**Goal of the exercise**
Could you print, exactly and without pictures, only the lines from the one with "ザ・ロード・トゥ・ラグナロク・ポスター ポスター (キッチン)" through the end of the records below?

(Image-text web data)
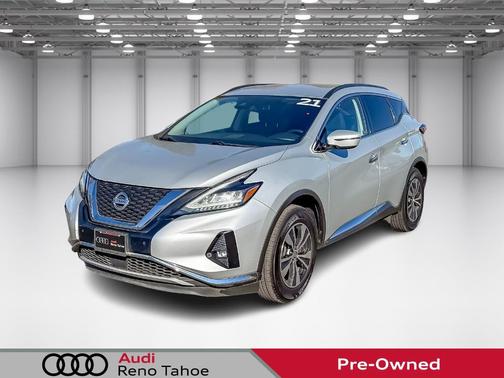 2021 Nissan Murano SV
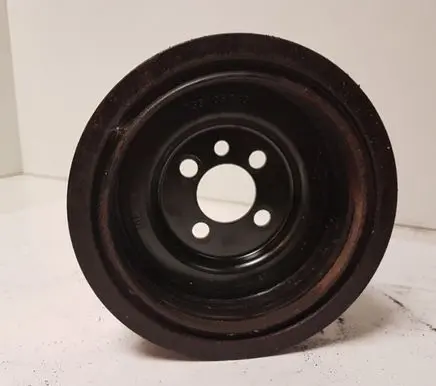 Audi A6 S6 C6 4F Crankshaft pulley 03G105243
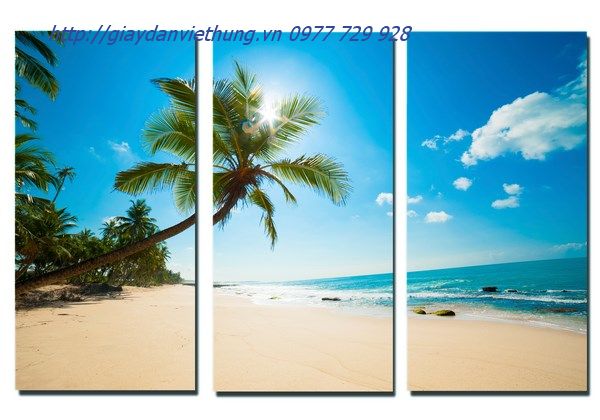 tranh treo tường Ba tấm TCB018 tranh treo tường Ba tấm TCB018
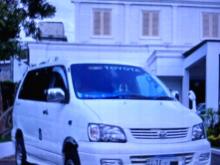 Toyota Kr42 1999 Van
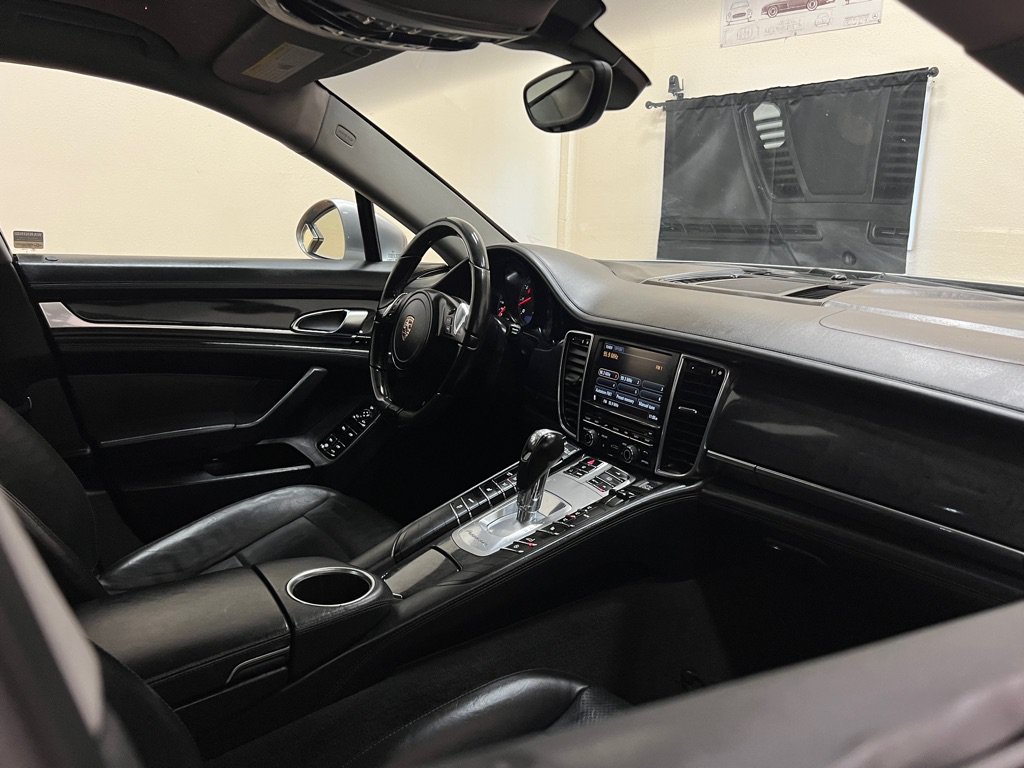 Used 2011 Porsche Panamera 4 AWD/4WD image 25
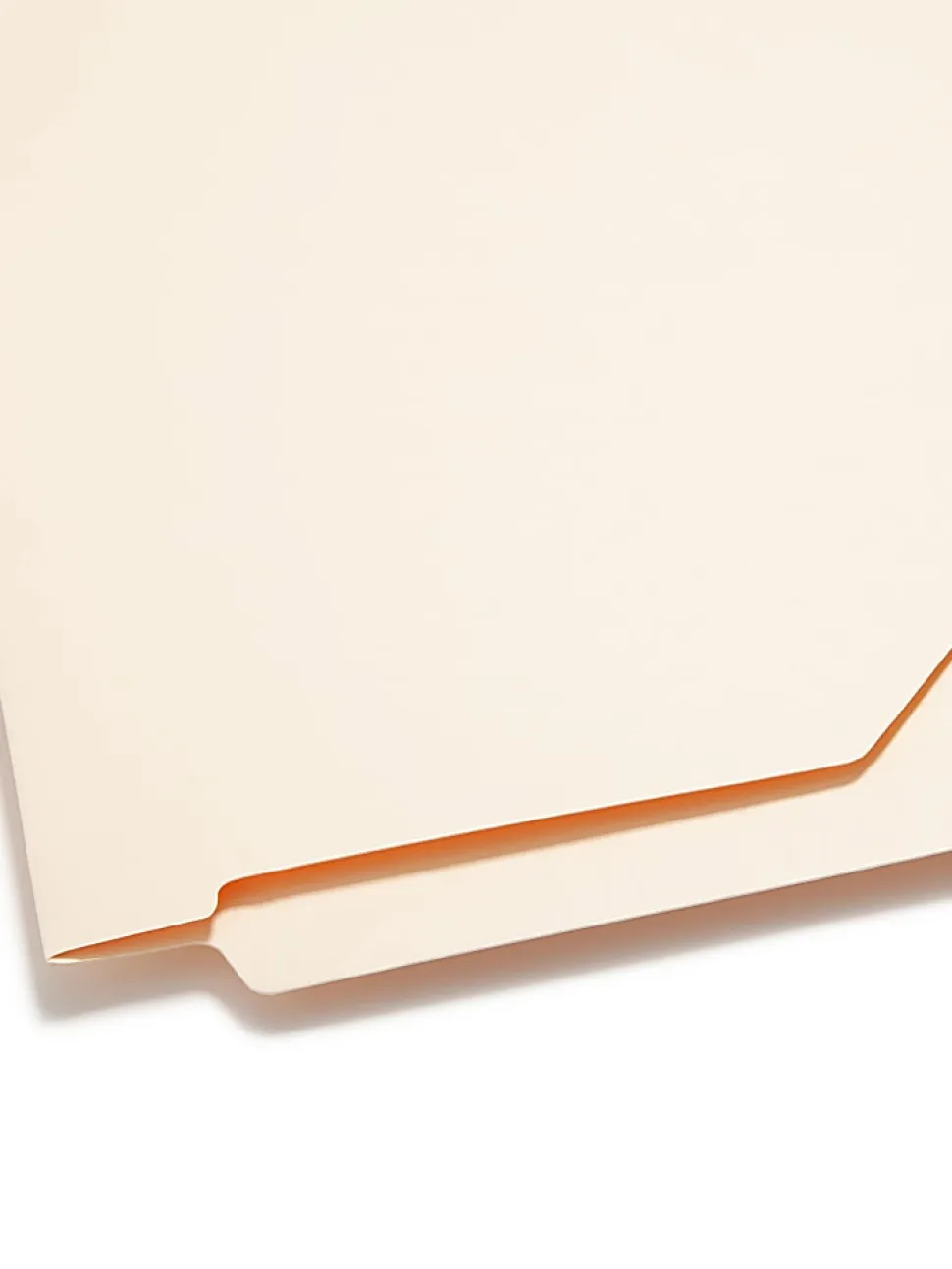 Smead® End-Tab Jackets, 9 1/2" x 12 1/4", Manila, Pack Of 100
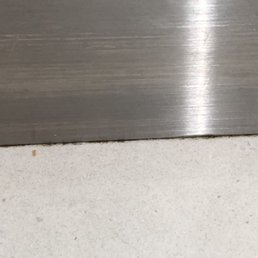 Grime, the key clue in poor cleaning discipline Grime, the key clue in poor cleaning discipline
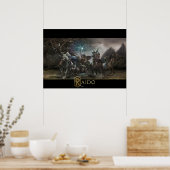 ザ・ロード・トゥ・ラグナロク・ポスター ポスター (キッチン)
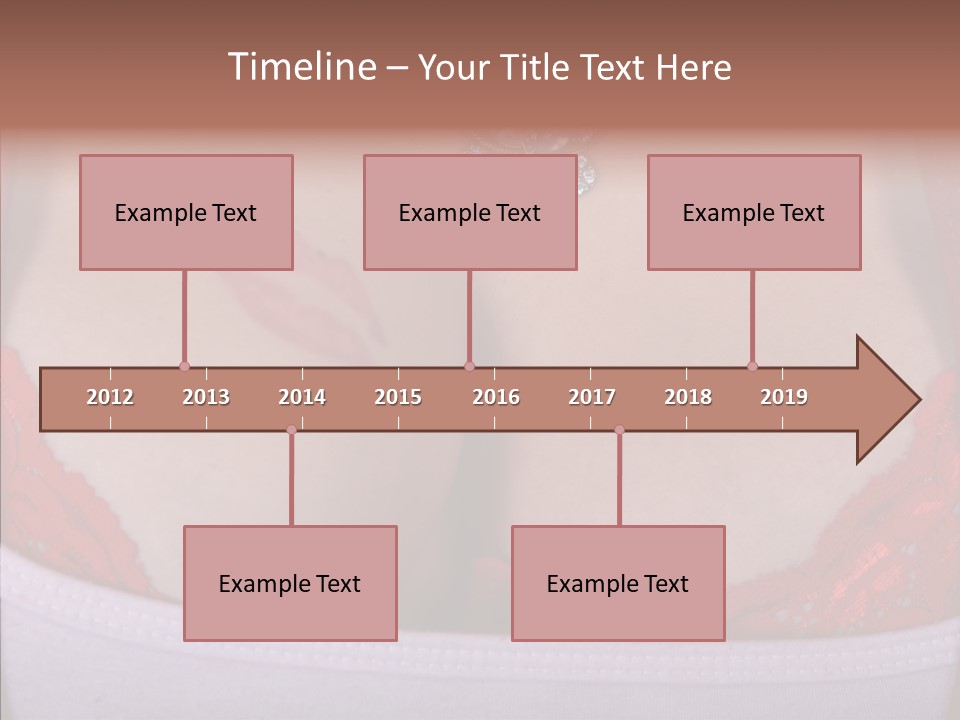 Sexy Hot Large PowerPoint Template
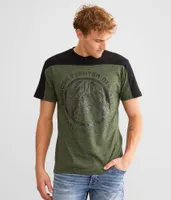 American Fighter Barracks T-Shirt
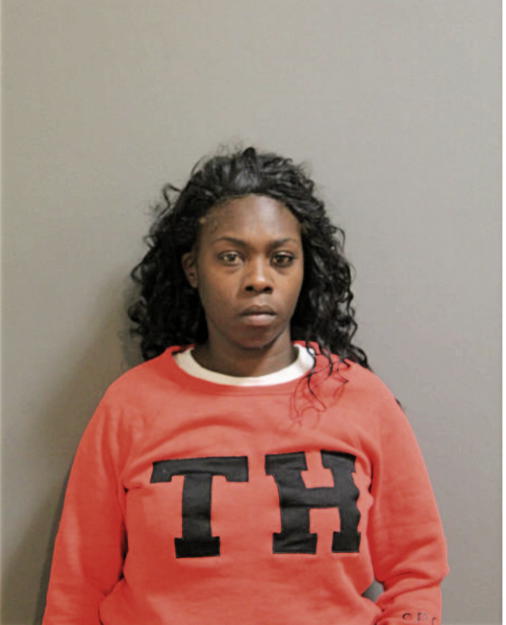 LACRETIA S HARRIS, Cook County, Illinois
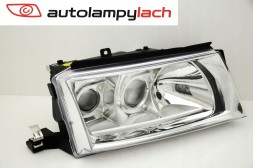 Китай 905-5488R9665-1110R-LEHM1BM SKODA OCTAVIA 2001- РЕФЛЕКТОР КСЕНОН ПРАВИЙ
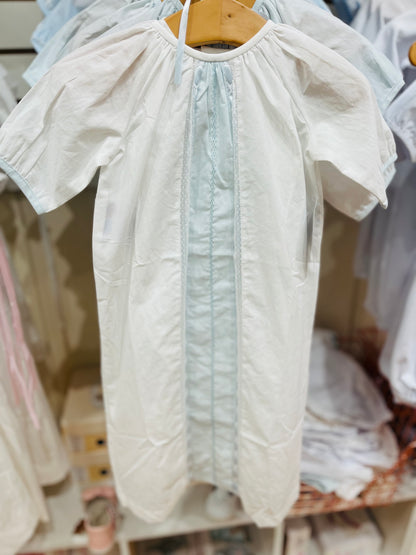Blue Kipling Daygown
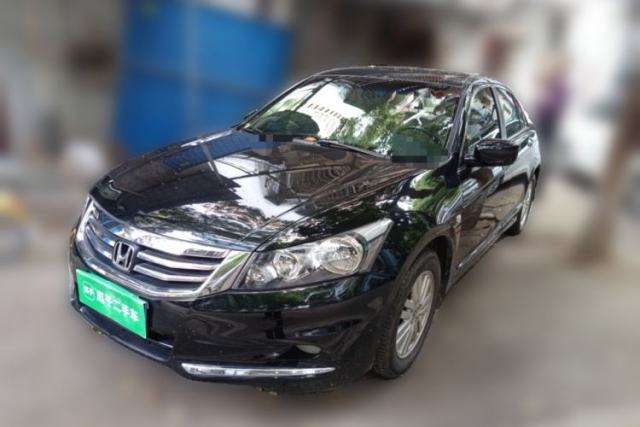Used Honda Accord 2013 2.0L SE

**Output of the exercise**
 ザ・ロード・トゥ・ラグナロク・ポスター ポスター (キッチン)
 Sexy Hot Large PowerPoint Template
 American Fighter Barracks T-Shirt
 LACRETIA S HARRIS, Cook County, Illinois
 Китай 905-5488R9665-1110R-LEHM1BM SKODA OCTAVIA 2001- РЕФЛЕКТОР КСЕНОН ПРАВИЙ
Blue Kipling Daygown
Used Honda Accord 2013 2.0L SE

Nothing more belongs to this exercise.